Atta chief shocked at decline
November 4, 2009 by Chanida Sa-ngiamphaisalsuk
Filed under News
Clients handled by Thailand’s tour operators were well below earlier estimates cited by the Association of Thai Travel Agents’ president, Surapol Sritrakul.
He admitted that he was disappointed by the latest report, 1 to 20 October, that covers clients handled by travel agencies at Suvarnabhumi Airport, Bangkok.
Instead of an anticipated 140,000 customers, members handled just 89,388. He blamed it on Thailand’s political situation and the threat of rail strikes, although very few mainstream tourists use the trains for their holiday travel.
Also on an international front, Thailand is not a front page story in global media and there has been very little change in the political scenario causing political observers to take a deep yarn and move on to more fertile territory.
Considering these factors, Mr Surapol’s comments on the cause of the continued decline in business lacks substance.
However, he assured members, the committee was working on bringing back tourists to the country through various campaigns that would reach business partners and also through participation in TAT road shows.
Foreign tourists arriving at Suvarnabhumi Airport and handled by Atta members, 1 January to 20 October, declined 30.05% from 1,797,362 to 1,257,206. The top five nationalities were China, Japan, India, Russia and Korea. Just three of the 20 top markets showed an increase. They were: India; Hong Kong and Iran.
Mr Surapol said he thought his members could garner 1.5 million trips by the end of the year, but it would be lowest result in the last 10 years.








Booking patterns are changing. The numbers are there. The question is why aren’t these numbers coming through ATTA members. Is it because travel is being booked online more than through traditional channels ? Shouldn’t ATTA leadership think more in terms of advising their members to get an online presence ? To market differently ?
Good point. Most of the ATTA members don’t even have staff who are competent in English, let alone able to make a website interactive and efficient. If these relics of the past don’t get their acts together the travel agency business in Thailand will die off completely. More and more tourist and business trip bookings are done online, but without a professional presence these agencies are living in another world. And the tourists don’t want illiterate, bad English and wild claims, just the facts. Competition is out there making a mint, so ATTA should invest as Ashley says, in advising members to come towards the light.
Have to agree with both of the above.
At our company, we note that now about 40% of our incoming passengers are now arriving through Phuket Airport due to the direct flights coming from various destinations.
Which of course we don’t have to inform ATTA about the above,even though we are one of ATTA members. Since ATTA only handles passengers arriving at Bkk International Airport.
ATTA also forgets that 60% of our tourists are repeaters – and definitely they would book their own arrangement not through travel agents.

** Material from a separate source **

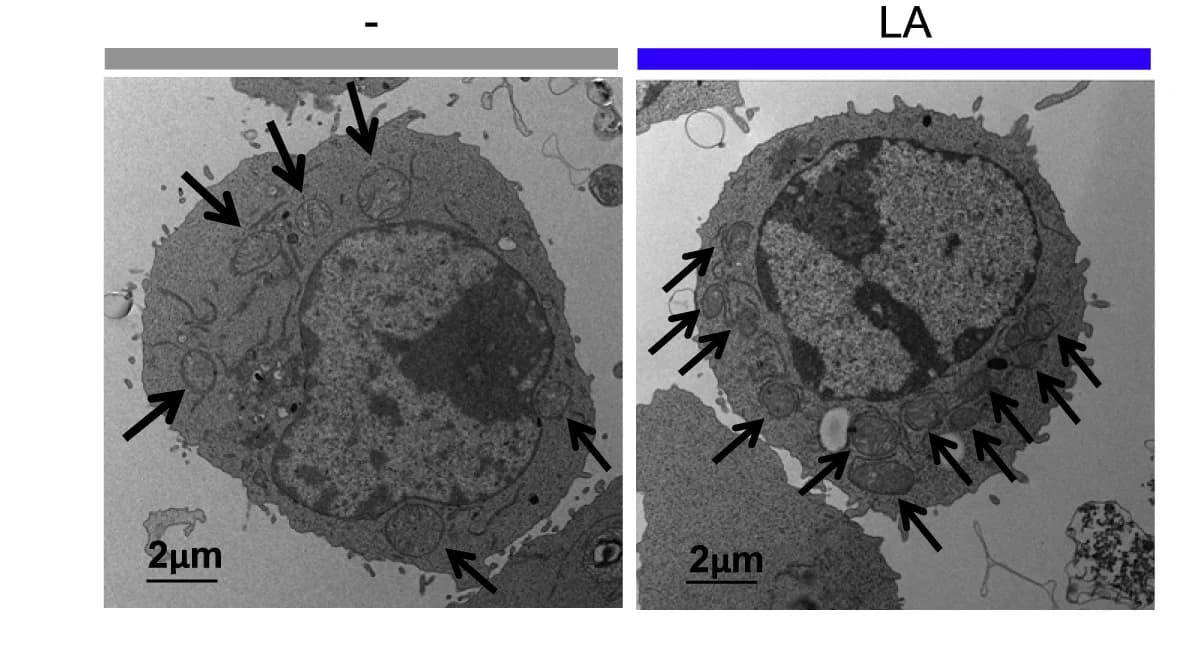 Open access visualization of Microscopy, TEM, Mitochondrial Mass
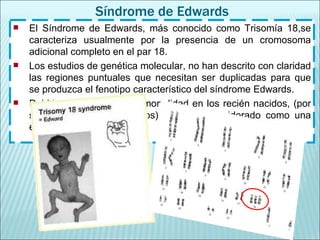 Síndrome de Edwards El Síndrome de Edwards, más conocido como Trisomía 18,se caracteriza usualmente por la presencia de un cromosoma adicional completo en el par 18.  Los estudios de genética molecular, no han descrito con claridad las regiones puntuales que necesitan ser duplicadas para que se produzca el fenotipo característico del síndrome Edwards. Debido a su alta tasa de mortalidad en los recién nacidos, (por sobre el 90% de los casos) se le ha considerado como una enfermedad de tipo “letal”.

Weep for this travel warrior. He hasn’t worked out that Thailand is yesterday’s brand and that no amount of “various campaigns” will work if the entire structure of the tourism industry is not revisited from the top. The TAT is putting people off visiting here because of their pathetic overseas freeloading tours, and when tourists get here it is the same old, same old, where you fom, buy me dink attitude of the operators.